つまり、クラスとインスタンスの両方に「振る舞いの約束」を注入する方法を見つける必要があるのです。これが、メタクラスが登場する理由です。この連載の第5回(Python3によるオブジェクト指向プログラミング - メタクラス)でメタクラスについて述べたことを思い出してください。メタクラスとは、クラスを構築するために使用されるクラスであり、クラスの構造を変更し、結果としてそのインスタンスの構造を変更するための望ましい方法であることを意味します。 同じ仕事をする別の方法は、継承メカニズムを利用して、専用の親クラスを通して動作を注入することです。この方法には多くの欠点がありますが、その詳細は割愛します。クラス階層に影響を与えると、複雑な状況や微妙なバグが発生する可能性があることは言うまでもありません。メタクラスは、ここで「仮想ベース・クラス」を導入するための別のエントリー・ポイントを提供するかもしれません(PEP 3119に明記されているように、これはC++とは同じ概念ではありません)。
立場をオーバーライド
前述のとおり、isinstance()とissubclass() はオブジェクト・メソッドではなく組み込み関数なので、特定のクラスに異なる実装を提供するために単純にオーバーライドすることはできません。そこで、解決策の第一弾として、これらの2つの関数の動作を変更し、クラスまたはインスタンスに特別なメソッドが含まれているかどうかを最初にチェックするようにしました。isinstance()の場合は__instancecheck__()、issubclass()の場合は__subclasscheck__()となります。そのため、両方のビルドインはそれぞれの特殊メソッドを実行しようとし、それがない場合は標準アルゴリズムに戻ります。

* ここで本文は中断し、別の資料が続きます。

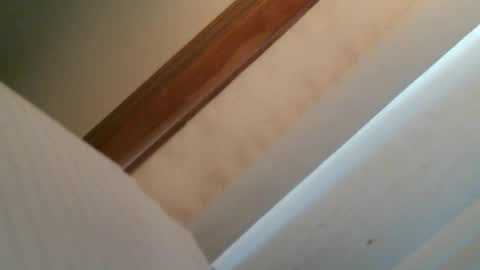 olddognewtrickss online show from September 11, 8:42 pm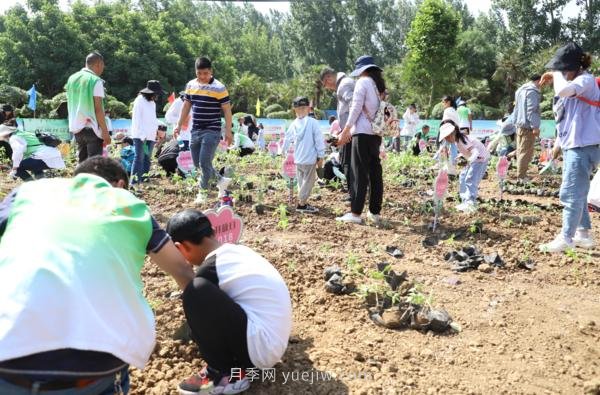 漯河城管園林科研所，邀請(qǐng)400余位市民花田體驗(yàn)栽花(圖3)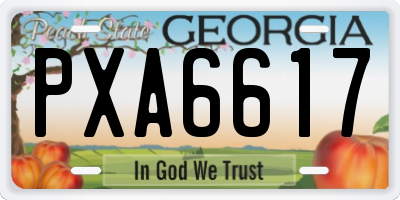 GA license plate PXA6617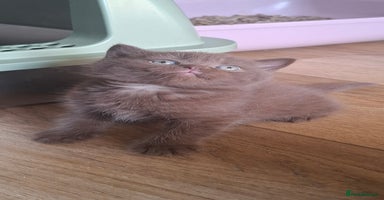 British Shorthair cats in Swadlincote - Advert 10
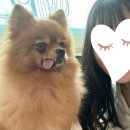 개꿈 | 청주 유기견카페 개꿈, 다양한 강아지들 만나고 온 후기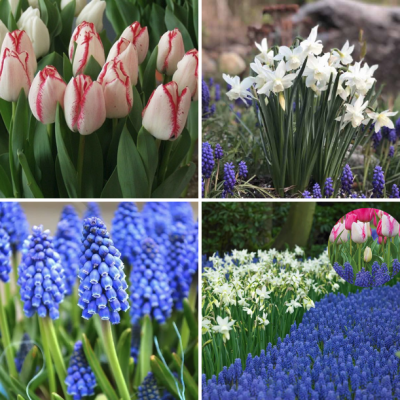 Этажный Микс №1 Этажный Микс №1 фото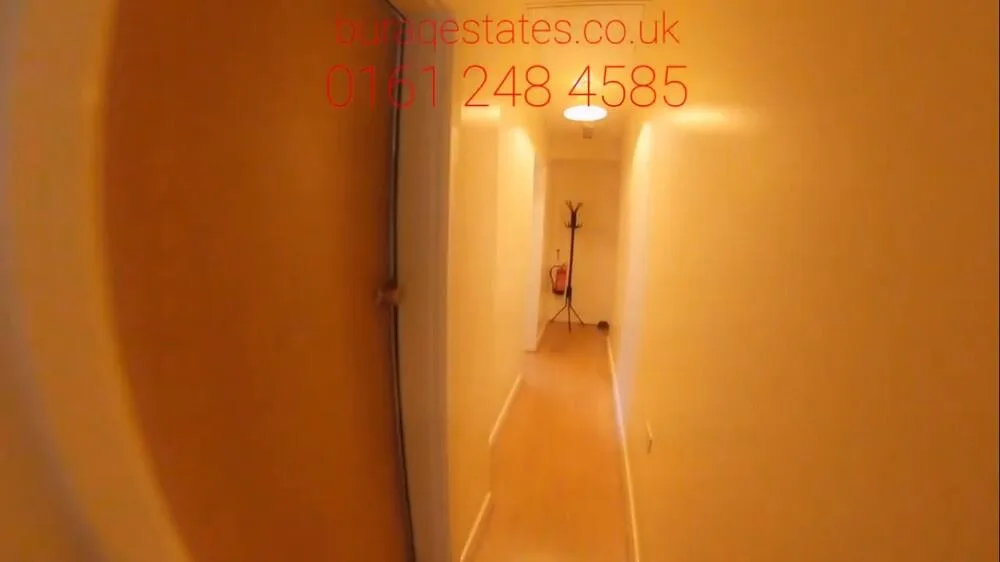 3 bedroom house for rent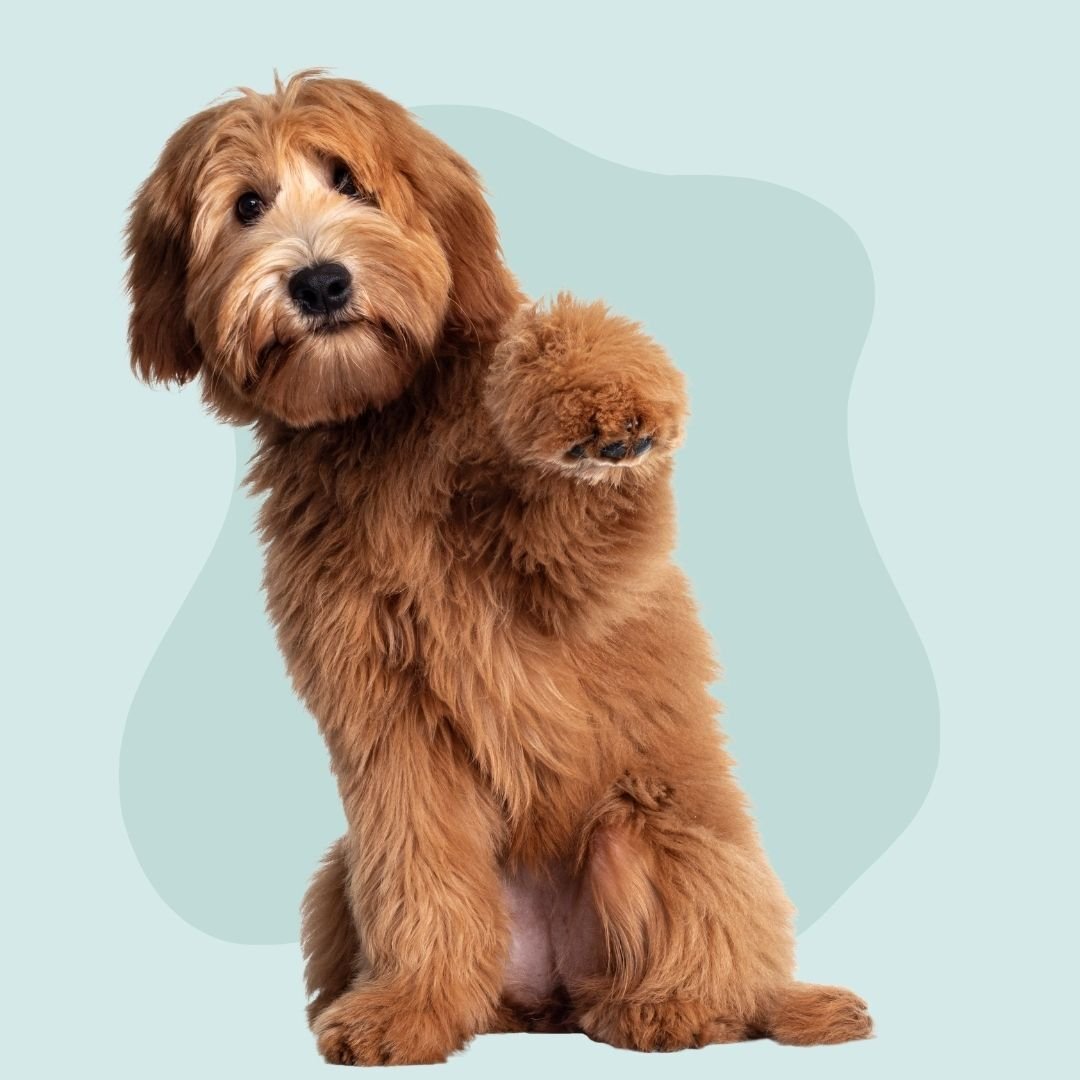 Goldendoodle Dog Grooming by Fluffs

名前付けについての注意点です。メソッドは最初の引数として所属するクラスオブジェクトを受け取らなければならないので、2つの特殊メソッドは次のような形式になります。
code: python
def __instancecheck__(cls, inst):
def __subclasscheck__(cls, sub):
ここで、cls はそれらが注入されるクラスであり、約束された振る舞いを表すクラスである。isinstance([], list)と書いた場合、[]インスタンスがリストの振る舞いを持っているかどうかをチェックしたいのです。メソッド __isinstance__() と __issubclass__() を呼び出し、逆の順序で引数を渡すだけでは混乱してしまうからです。
これがABC
提案された解決策は、抽象ベースクラス(Abstract Base Class)(あるいは抽象基底クラス)と呼ばれています。これは、具体的なクラスに仮想クラスを付加する方法を提供するもので、isinstance() や issubclass() で検査する人に約束された動作をシグナリングすることだけを目的としています。

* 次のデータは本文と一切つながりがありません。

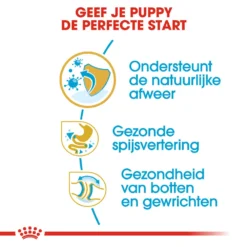 Royal Canin Bulldog Puppy - Hondenvoer -Bekend Hondenspullen Winkel royal canin bulldog puppy hondenvoer 137809 1000 none
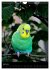 Wilde Wellensittiche (Wandkalender 2026... - Bild 12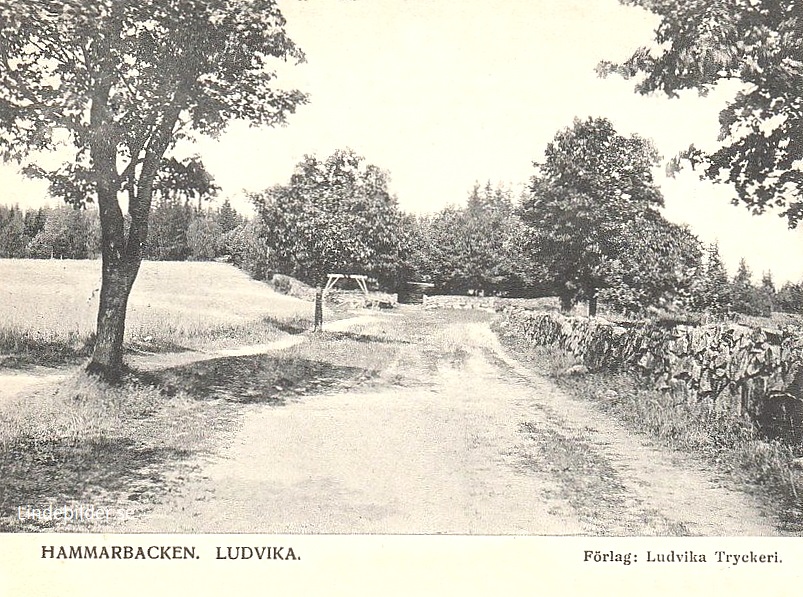 Hammarbacken. Ludvika 1906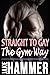 Straight to Gay the Gym Way by Jake Hammer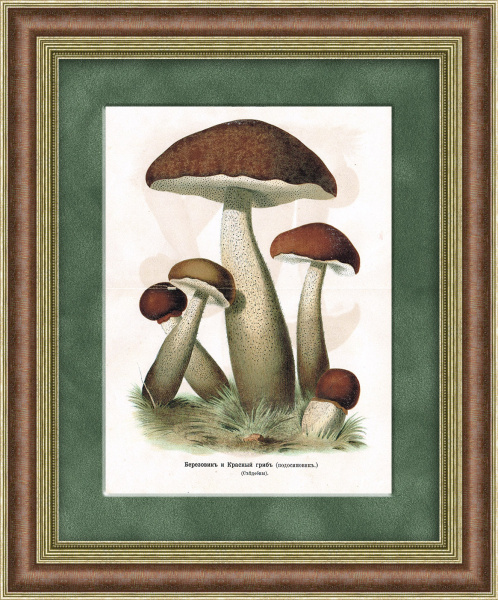 Березовик и красный гриб (подосиновик). Старинная хромолитография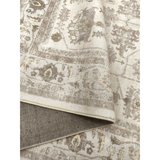 Pasadena Multicoloured Distressed Machine Washable Large Rug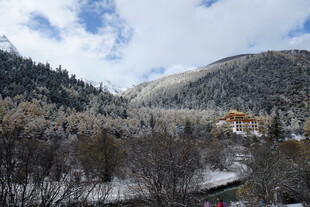 雪覆山林间的静谧景致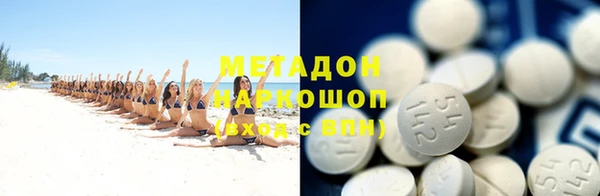 прущие грибы Вязники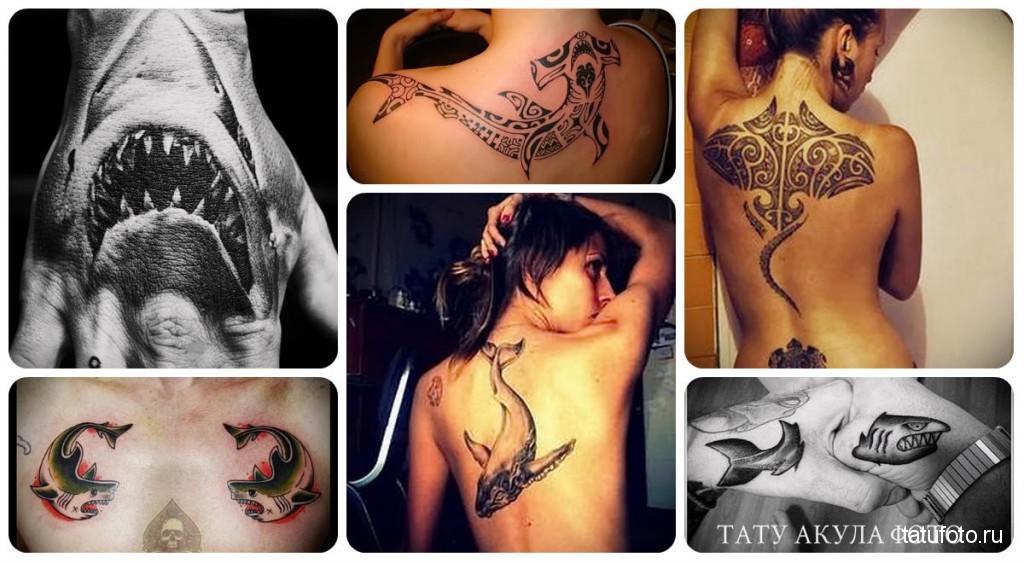 Cápa tetoválás - fotók a kész tetoválásokról az Ön számára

プログラマーが抽象ベースクラスを実装するのを助けるために、標準ライブラリにはABCMetaクラス(およびその他の機能)を含むabcモジュールが与えられています。このクラスは __instancecheck__() と _subclasscheck__() を実装したもので、標準クラスを拡張するメタクラスとして使用されます。後者は、他のクラスをその動作の実装として登録できるようになります。

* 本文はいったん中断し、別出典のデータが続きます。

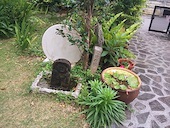 暮夢: ちびちゃんさんの2013年04月02日の2枚目の投稿写真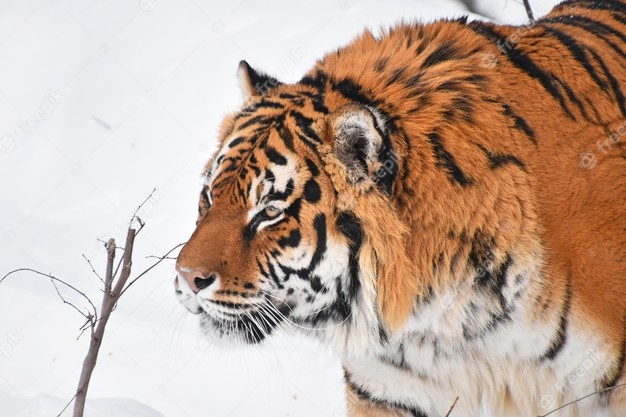 siberian-tiger-walks-in-white-snow_273651-267.jpg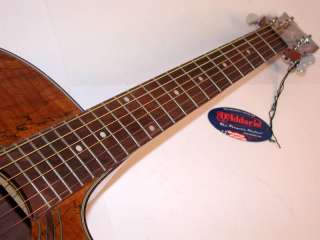 Dean Exotica Acoustic Electric Guitar, Spalt Maple, NEW  
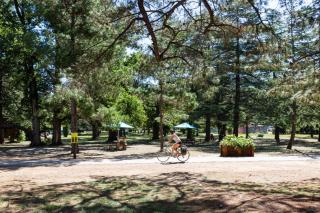 Elegant Studio with Parking - Canberra - 6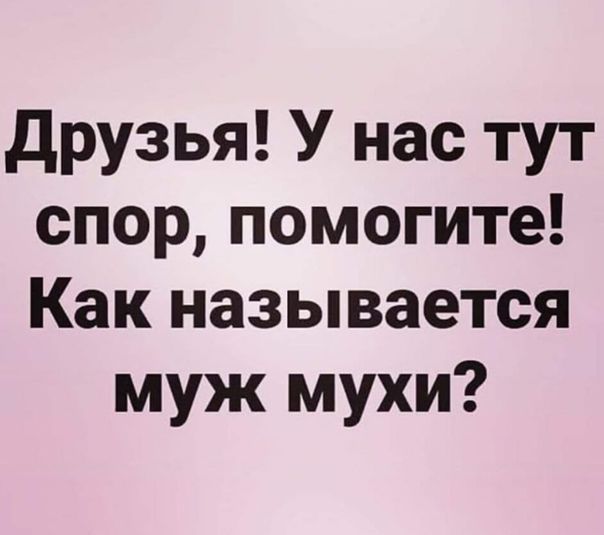 друзья У нас тут спор помогите Как называется муж мухи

複雑に聞こえますか?例を挙げれば、問題がはっきりするかもしれません。公式ドキュメントに掲載されている例は、かなりシンプルなものです。
code: python
from abc import ABCMeta
class MyABC(metaclass=ABCMeta):
pass
MyABC.register(tuple)
assert issubclass(tuple, MyABC)
assert isinstance((), MyABC)
ここでは、MyABCクラスにABCMetaメタクラスを付与しています。これにより、2つの __instancecheck__() と _subclasscheck__() メソッドが MyABC 内に置かれ、 isinstance() を発行したときに Python が実際に実行することは、次のようになります。
code: python
>> d = {'a': 1}
>> isinstance(d, MyABC)
False
>> MyABC.__class__.__instancecheck__(MyABC, d)
False
>> isinstance((), MyABC)
True
>> MyABC.__class__.__instancecheck__(MyABC, ())
True
MyABCの定義後、与えられたクラスが抽象ベースクラスのインスタンスであることを通知する方法が必要になります。MyABC.register(tuple) を呼び出すと、タプルクラスがMyABC自体のサブクラスとして識別されるという事実をMyABC内に記録します。これは、tupleがMyABCを継承していることと似ていますが、全く同じではありません。すでに述べたように、register()で抽象ベースクラスにクラスを登録しても、クラス階層には影響しません。実際、tupleクラス全体は変更されません。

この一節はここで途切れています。